A reportagem aborda a história de Joaquim Carreira, nascido em 1908 na Caranguejeira (Leiria) que, em 1940, depois de se ter tornado o primeiro padre português a tirar o brevet de piloto, foi nomeado reitor do Pontifício Colégio Português, de Roma, a casa onde ficam alojados os padres portugueses que estudam na capital italiana.
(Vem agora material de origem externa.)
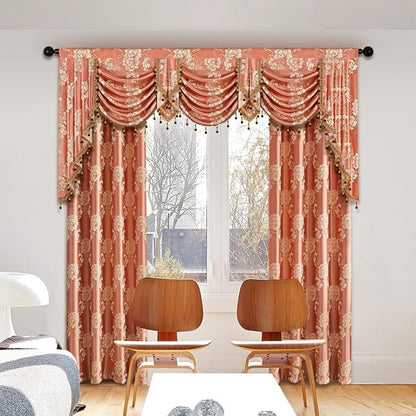 ELKCA Golden Jacquard Swag Waterfall Valance - Image 2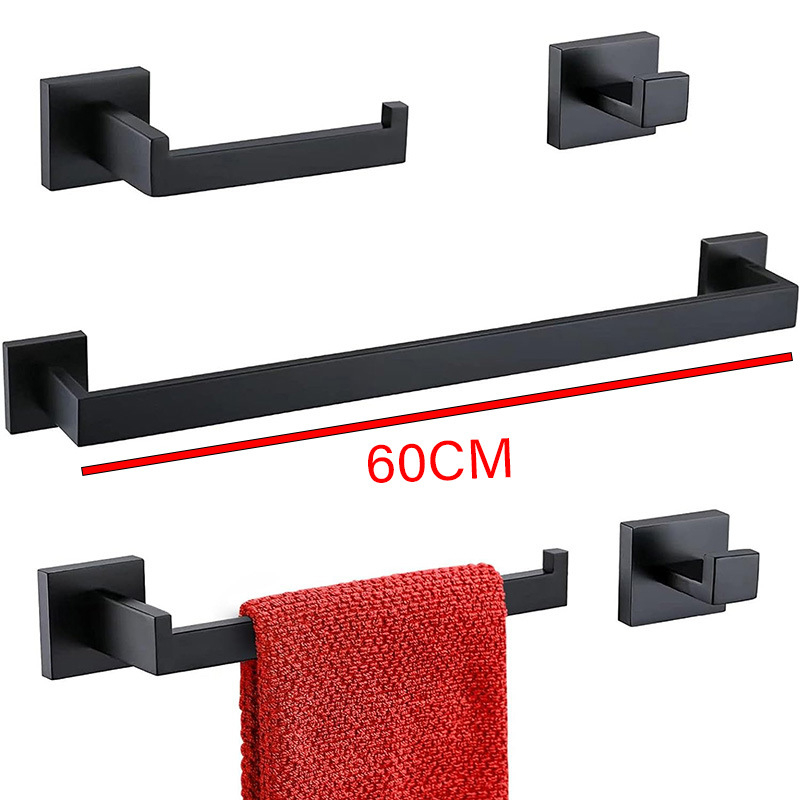 Päťdielny set z nerezovej ocele pre kúpeľňu, držiak na uteráky so štvorhrannou rúrou, s potlačou loga a možnosťou personalizácie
Em Setembro de 1943, quando os Aliados começaram a contra-ofensiva de invasão de Itália, os nazis ocuparam Roma, e muitas pessoas sentiram necessidade de se esconder. Foi nesse contexto que o padre Carreira deu refúgio e abrigo a meia centena de perseguidos, antifascistas, judeus e outros resistentes à ocupação nazi-fascista da capital italiana. Na reportagem, o último refugiado ainda vivo, Luigi Priolo, regressa, 79 anos depois, ao edifício que o acolheu, o Palácio Alberini, do século XVI, que hoje acolhe os escritórios de uma multinacional da moda.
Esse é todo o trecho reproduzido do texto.